Qui si crea il cosiddetto “effetto pigmalione”: la realtà si adatterà all’immagine che ne abbiamo. Se un bambino cresce con l’idea che il quartiere sia l’inferno e che non esista nessun possibile opportunità per il futuro, come potrà mai fuggire da quello che vede come il suo unico destino? Nessuno vuole negare il passato difficile del quartiere. Quello che chiediamo è che la narrazione che ne viene fatta tenga conto delle trasformazioni positive degli ultimi anni”.
Interventi di riqualificazione edilizia
Nell’85 arrivano in quartiere la sede della Circoscrizione, a cui fanno seguito scuole e, nell’87, una stazione di polizia. “Le istituzioni in realtà non hanno mai contato molto qui, come la politica” dice Gennaro Sanges, ex sindacalista della CGIL oggi in pensione, residente nel quartiere da quando questo è nato. “Sono arrivate tardi e hanno poi dovuto lottare a lungo per riprendersi gli spazi che spettano loro. Tutto ciò che si è realizzato a Scampia è partito dal basso, dai movimenti e dalle associazioni del quartiere”.
Movimenti come il Comitato Vele, organizzato da abitanti delle Vele che lottano per rendere il quartiere un posto più vivibile.

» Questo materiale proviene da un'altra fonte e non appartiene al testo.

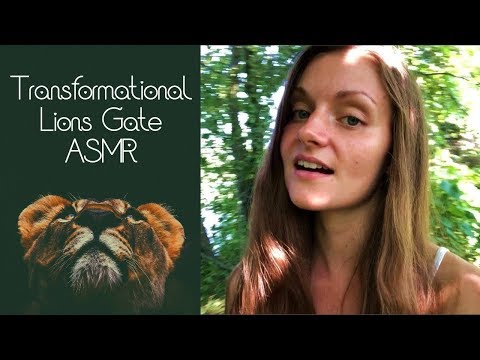 Healing Light Codes (ASMR) 🦁 Lions Gate 8:8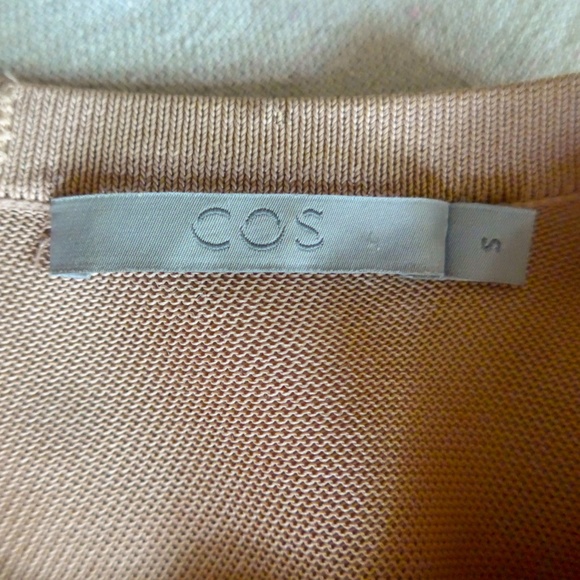 COS Women S Blush Knit Dress - Picture 7 of 11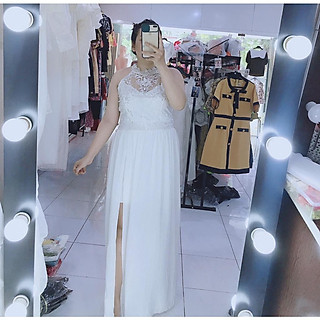 ĐẦM MAXI DẠ TIỆC SẼ TÀ BIGSIZE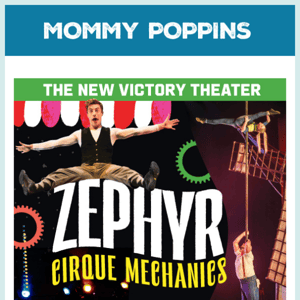 Don’t Miss the Adrenaline-driven Daredevils of Cirque Mechanics in ZEPHYR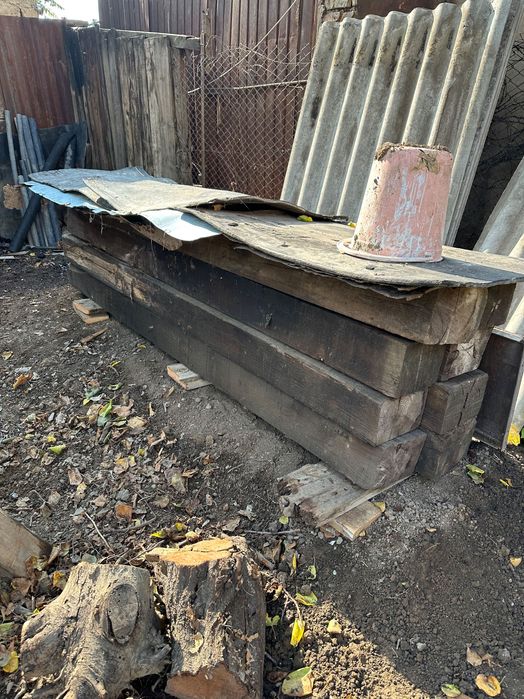 Шпалы сушеные ровные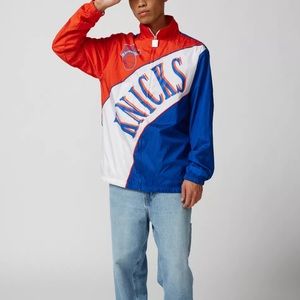 Mitchell & Ness lightweight Knicks jacket. New with tags. NWT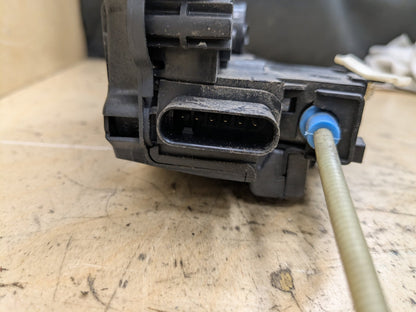 2016-2019 BMW 750i G12 Rear Left Driver Door Latch Lock Actuator 2581897 OEM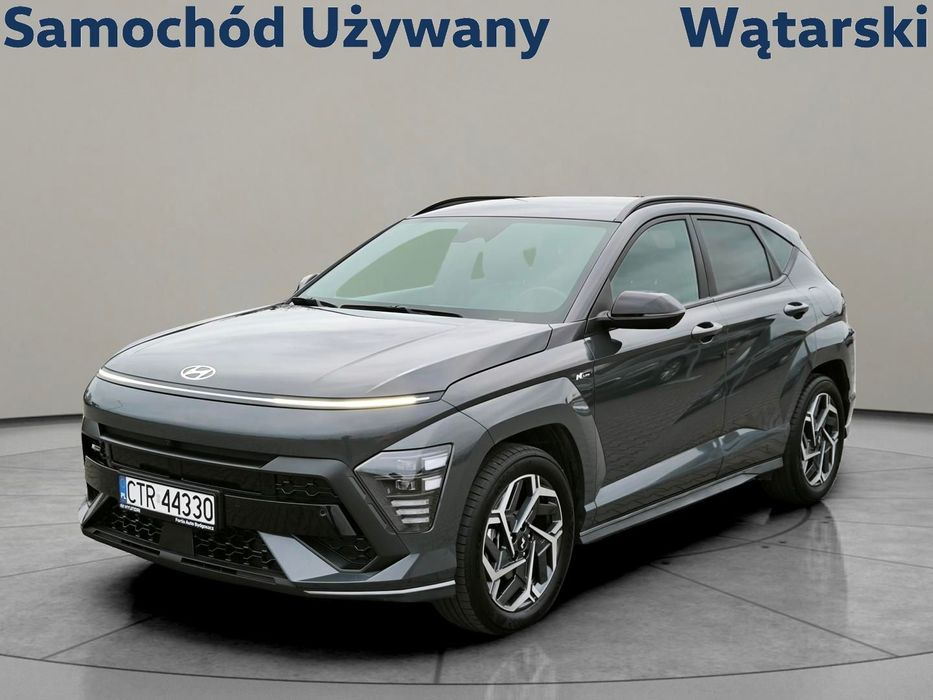Hyundai Kona Salon Polska / I Właściciel / AUTOMAT / GWARANCJA / N-LINE / VAT MARŻA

Il Comitato ha scritto il progetto che è poi stato alla base del primo intervento di riqualificazione edilizia, del ’95. In collaborazione con la giunta De Magistris e il dipartimento di urbanistica dell’università “Federico II” di Napoli, ha recentemente scritto anche il secondo piano di riqualificazione, presentato a Roma il 4 marzo del 2015 di fronte all’allora Ministro per le Infrastrutture e Trasporti Maurizio Lupi.
“La situazione pare essersi sbloccata” mi dice al telefono Lorenzo Liparulo, dal 2001 residente nelle Vele e guida del comitato “ma sembrava lo stesso quando nel ’95 venne approvato il nostro progetto di allora, che prevedeva l’abbattimento di tutte le Vele.
Ne vennero abbattute solo tre, perché qualcuno si intascò i fondi destinati all’abbattimento delle altre, e ad oggi non hanno ancora finito di consegnare i mille appartamenti. Secondo il progetto attuale, delle quattro vele rimanenti tre saranno abbattute e al loro posto verranno costruiti palazzi più bassi e più vivibili per un totale di 350 appartamenti.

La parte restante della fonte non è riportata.